Gli Accordi di Abramo non sono semplicemente un accordo di pace con Emirati Arabi Uniti, Bahrain, Sudan e Marocco. Sono il simbolo e la traduzione in pratica dell’accettazione contrapposta al rifiuto, dell’opzione per il progresso anziché per la stagnazione. L’effetto collaterale di questa svolta, tuttavia, è che gli estremisti si sentono sempre più messi alle corde. L’Iran e i suoi gregari, come gli Houthi nello Yemen e gli Hezbollah in Libano, diventano sempre più aggressivi e violenti, anche contro stati arabi come l’Arabia Saudita e gli Emirati Arabi Uniti. Allo stesso tempo, mentre la regione volta pagina, organizzazioni terroristiche come Hamas e Isis si sentono sempre più respinte.

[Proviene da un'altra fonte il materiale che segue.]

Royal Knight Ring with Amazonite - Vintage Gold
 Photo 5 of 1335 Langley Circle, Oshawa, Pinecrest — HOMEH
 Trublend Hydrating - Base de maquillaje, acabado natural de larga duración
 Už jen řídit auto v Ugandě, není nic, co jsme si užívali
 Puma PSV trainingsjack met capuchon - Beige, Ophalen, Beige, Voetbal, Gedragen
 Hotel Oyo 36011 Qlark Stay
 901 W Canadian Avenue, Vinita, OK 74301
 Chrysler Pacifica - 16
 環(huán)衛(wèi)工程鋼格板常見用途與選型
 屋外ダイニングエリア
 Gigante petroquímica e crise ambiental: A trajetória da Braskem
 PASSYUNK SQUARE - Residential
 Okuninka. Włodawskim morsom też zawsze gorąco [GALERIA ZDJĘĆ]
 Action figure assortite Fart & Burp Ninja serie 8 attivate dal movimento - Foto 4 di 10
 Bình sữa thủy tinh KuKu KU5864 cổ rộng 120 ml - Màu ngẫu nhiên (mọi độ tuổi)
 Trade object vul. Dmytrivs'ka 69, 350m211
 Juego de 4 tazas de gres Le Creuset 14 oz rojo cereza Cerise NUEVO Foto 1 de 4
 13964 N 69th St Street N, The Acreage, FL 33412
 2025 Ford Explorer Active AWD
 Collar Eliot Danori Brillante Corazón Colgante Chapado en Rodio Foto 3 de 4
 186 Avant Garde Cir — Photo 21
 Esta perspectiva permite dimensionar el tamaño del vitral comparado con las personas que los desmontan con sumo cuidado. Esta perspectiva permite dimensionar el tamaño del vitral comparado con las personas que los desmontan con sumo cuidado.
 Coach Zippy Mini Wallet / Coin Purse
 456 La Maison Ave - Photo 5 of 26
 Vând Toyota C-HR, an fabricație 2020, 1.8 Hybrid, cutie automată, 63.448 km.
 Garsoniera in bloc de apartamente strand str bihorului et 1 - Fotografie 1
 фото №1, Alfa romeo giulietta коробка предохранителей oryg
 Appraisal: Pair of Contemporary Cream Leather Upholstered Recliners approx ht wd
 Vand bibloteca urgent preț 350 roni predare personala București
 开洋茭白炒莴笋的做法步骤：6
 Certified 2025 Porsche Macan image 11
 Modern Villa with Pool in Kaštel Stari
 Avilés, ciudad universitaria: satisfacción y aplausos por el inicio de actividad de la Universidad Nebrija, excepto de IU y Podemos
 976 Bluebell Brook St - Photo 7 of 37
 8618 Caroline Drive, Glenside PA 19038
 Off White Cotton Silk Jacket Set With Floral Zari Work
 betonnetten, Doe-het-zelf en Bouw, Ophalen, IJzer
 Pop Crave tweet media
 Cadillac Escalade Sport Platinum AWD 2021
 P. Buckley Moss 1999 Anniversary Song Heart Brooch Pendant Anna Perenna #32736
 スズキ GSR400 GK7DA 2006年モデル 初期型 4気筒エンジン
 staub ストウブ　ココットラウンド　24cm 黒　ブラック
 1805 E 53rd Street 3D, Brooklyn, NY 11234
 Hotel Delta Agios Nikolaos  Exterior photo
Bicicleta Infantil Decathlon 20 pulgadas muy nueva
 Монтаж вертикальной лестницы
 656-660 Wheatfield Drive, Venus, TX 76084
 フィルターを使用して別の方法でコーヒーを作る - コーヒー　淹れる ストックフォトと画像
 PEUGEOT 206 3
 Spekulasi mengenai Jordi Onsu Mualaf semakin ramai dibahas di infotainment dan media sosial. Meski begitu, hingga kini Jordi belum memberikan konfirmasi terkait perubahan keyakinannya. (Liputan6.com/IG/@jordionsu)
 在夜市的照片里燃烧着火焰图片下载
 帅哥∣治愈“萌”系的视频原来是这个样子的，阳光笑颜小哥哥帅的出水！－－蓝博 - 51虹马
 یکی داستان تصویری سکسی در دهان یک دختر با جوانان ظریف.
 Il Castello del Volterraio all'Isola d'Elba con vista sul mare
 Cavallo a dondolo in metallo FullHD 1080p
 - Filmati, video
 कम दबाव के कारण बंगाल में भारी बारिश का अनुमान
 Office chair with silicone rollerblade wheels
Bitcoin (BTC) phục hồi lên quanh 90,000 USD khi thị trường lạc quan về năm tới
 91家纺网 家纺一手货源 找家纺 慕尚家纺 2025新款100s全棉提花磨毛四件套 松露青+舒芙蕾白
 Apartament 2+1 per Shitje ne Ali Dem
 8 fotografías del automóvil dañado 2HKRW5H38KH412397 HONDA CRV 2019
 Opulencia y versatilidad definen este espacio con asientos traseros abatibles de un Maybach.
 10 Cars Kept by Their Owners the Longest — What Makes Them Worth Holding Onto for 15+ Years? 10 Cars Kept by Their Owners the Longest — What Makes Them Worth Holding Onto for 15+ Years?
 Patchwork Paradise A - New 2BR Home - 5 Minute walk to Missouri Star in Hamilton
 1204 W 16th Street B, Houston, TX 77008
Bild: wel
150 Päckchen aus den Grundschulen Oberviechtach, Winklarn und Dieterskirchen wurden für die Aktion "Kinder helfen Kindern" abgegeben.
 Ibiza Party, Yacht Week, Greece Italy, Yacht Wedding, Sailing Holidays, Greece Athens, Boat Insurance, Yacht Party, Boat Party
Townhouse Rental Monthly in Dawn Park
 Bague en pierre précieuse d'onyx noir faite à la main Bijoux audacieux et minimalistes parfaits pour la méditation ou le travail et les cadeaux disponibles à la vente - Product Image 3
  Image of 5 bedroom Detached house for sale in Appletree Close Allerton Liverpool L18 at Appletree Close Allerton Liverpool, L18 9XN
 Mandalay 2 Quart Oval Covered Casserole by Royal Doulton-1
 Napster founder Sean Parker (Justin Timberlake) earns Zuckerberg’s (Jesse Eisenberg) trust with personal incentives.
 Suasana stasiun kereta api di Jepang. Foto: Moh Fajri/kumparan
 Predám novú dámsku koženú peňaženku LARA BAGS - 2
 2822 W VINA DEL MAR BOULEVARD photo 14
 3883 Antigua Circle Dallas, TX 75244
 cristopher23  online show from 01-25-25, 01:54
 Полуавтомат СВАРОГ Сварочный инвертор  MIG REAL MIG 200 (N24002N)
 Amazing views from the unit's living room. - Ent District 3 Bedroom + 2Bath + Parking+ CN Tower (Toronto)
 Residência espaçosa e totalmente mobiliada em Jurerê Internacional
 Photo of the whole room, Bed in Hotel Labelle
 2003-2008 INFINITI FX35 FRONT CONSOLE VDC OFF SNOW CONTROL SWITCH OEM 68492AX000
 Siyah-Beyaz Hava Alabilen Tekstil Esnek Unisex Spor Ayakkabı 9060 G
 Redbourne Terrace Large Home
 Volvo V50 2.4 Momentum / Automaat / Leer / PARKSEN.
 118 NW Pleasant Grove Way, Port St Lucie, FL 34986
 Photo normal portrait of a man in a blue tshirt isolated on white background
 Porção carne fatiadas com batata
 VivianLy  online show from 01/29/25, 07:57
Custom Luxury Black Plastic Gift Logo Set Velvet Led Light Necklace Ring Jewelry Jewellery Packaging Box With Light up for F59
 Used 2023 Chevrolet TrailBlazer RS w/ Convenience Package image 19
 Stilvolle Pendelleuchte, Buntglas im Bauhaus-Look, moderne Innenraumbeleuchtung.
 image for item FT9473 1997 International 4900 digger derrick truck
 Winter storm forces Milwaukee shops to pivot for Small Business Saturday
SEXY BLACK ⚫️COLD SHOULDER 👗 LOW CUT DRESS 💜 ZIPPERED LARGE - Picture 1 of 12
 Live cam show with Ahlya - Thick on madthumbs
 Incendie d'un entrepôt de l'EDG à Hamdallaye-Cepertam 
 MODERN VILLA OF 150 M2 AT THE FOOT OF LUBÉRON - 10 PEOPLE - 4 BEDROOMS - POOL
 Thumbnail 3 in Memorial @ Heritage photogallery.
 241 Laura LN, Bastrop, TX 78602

Così, mentre era in corso il Vertice del Negev, gli estremisti hanno cercato di deragliare il convoglio della pace. Ma i loro attentati, per quanto strazianti e intollerabili, nei fatti hanno dimostrato che la nuova intesa di Israele con il mondo arabo è autentica. Per la prima volta si sono visti i ministri degli esteri di paesi arabi condannare immediatamente e senza mezzi termini gli atti di terrorismo contro israeliani, e parlare apertamente dell’importanza della pace fra le popolazioni per prevenire e fermare l’estremismo. Nei giorni successivi al summit del Negev, si è anche vista la Turchia condannare “con forza” il terrorismo contro Israele, nonostante anni di tensioni e di sostegno ai terroristi di Hamas, nonché la visita in Giordania del ministro della difesa Benny Gantz e del presidente d’Israele Isaac Herzog per incontrare re Abdullah.

Nello stesso tempo, un fenomeno analogo si sta verificando all’interno di Israele: la società israeliana e la generazione più giovane di arabi israeliani si muovono sempre più verso l’unità, man mano che va crescendo la consapevolezza che gli israeliani sono davvero un solo popolo e che coloro che ci attaccano, ci attaccano tutti indistintamente. Ciononostante, frange di estremisti nella società araba israeliana cercano di impossessarsi del discorso pubblico per dirottare e osteggiare questa realtà. E’ quello che è accaduto lo scorso maggio con i tumulti e gli scontri iter-etnici, ed è quello che accaduto l’altra settimana quando i terroristi non hanno esitato ad ammazzare anche loro concittadini arabi.

Naturalmente Israele deve fare tutto il possibile per bloccare questa ondata di terrorismo, ma abbiamo buone ragioni per nutrire fiducia poiché l’impeto della corrente continua a dirigersi nella direzione giusta, sia a livello regionale che all’interno di Israele. Il percorso verso la normalizzazione non è facile, ma a questo punto appare inesorabile.

La società israeliana è variegata e unica, composta da ebrei arabi e drusi, la stragrande maggioranza dei quali vuole essere israeliana e vivere insieme in pace. Col passare del tempo prevarrà la maggioranza silenziosa che sostiene la normalizzazione.